= New Forest Shakers =

The New Forest Shakers or Walworth Jumpers (also Children of God, Girlingites or Convulsionists) were a new religious movement created by Mary Anne Girling (or Mary Ann Girling) in the 1870s in England. Originally from Suffolk, Girling preached the Second Coming, celibacy, chastity and communal life.

==In Suffolk==
Mary Ann Clouting was born in Little Glemham, Suffolk in 1827. She married George Stanton Girling and they had two children. Sometime around 1858, Girling received a vision from Jesus Christ in her Ipswich bedroom. She apparently received a second vision in 1864 informing her that the second coming was at hand. Girling left her husband and children, and travelled around the villages and towns of Suffolk preaching her mission. Within 18 months "Girlingism" had 50 adherents. This ecstatic, esoteric sect claimed that they died with conversion, and were then reborn to eternal life.

==Walworth Jumpers==
In 1871, having been persecuted and threatened in Suffolk, Girling went to London. She initially fell in with the Peculiar People of Plumstead and preached to them there. She soon fell out with them when she began claiming her own divinity, and she withdrew from their circle taking many of their followers with her. Girling's mission began operating from a railway arch near the Walworth Road, where she preached excitedly before crowds of several thousands, which led to the nickname "the Jumpers of Walworth." Attacked by hostile mobs in London, Girling announced to her followers in 1872 that they were going to move to Hordle in the New Forest in Hampshire.

==New Forest Shakers==
In January 1873 Girling and her followers arrived in Hordle. They settled in New Forest Lodge, a house which was partially paid for by one of the followers Julia Wood, the remainder being mortgaged. 160 believers gathered there, cultivating vegetables and worshipping. They were prohibited from sexual activity, as well as from economic transactions. They proceeded to farm the land, but Girling forbade the sect to sell either their produce or their labour. The mortgage remained unpaid and on a bitterly cold night of December 1874, in the rain, sleet and snow, 60 women, 35 men and 45 children were evicted. All the furniture was left along a half mile stretch of the road. It included 3 pianos, 77 beds, boxes of eggs, butter and vegetables valued at about £1,000 and worthless by the end of the night.
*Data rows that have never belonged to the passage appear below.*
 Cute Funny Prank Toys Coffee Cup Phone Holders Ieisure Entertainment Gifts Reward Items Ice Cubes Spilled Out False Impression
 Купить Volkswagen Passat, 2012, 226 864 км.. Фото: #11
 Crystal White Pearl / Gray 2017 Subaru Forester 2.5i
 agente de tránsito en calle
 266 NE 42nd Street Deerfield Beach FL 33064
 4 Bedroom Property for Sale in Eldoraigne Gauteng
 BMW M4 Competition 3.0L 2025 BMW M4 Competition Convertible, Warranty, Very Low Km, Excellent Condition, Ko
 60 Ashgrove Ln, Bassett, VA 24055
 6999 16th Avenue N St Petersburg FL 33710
They were aided by the political philosopher Auberon Herbert, who gave them temporary shelter on his estate in nearby Ashley. Other prominent sympathisers of their plight included liberal politician William Cowper, and local eccentric and spiritualist Andrew Peterson. By February 1875, they had returned to Hordle, camping in a field near New Forest Lodge. They were evicted in 1878, but a local landowner gave them a field in nearby Tiptoe where they set up camp. After this, the sect faded from national prominence. The census of 1881 records 64 people were encamped in the field, but by 1886 the community was reduced to 12 women and 8 men. Girling died from uterine cancer on 18 September 1886 and the sect broke up. Girling was buried in Hordle churchyard.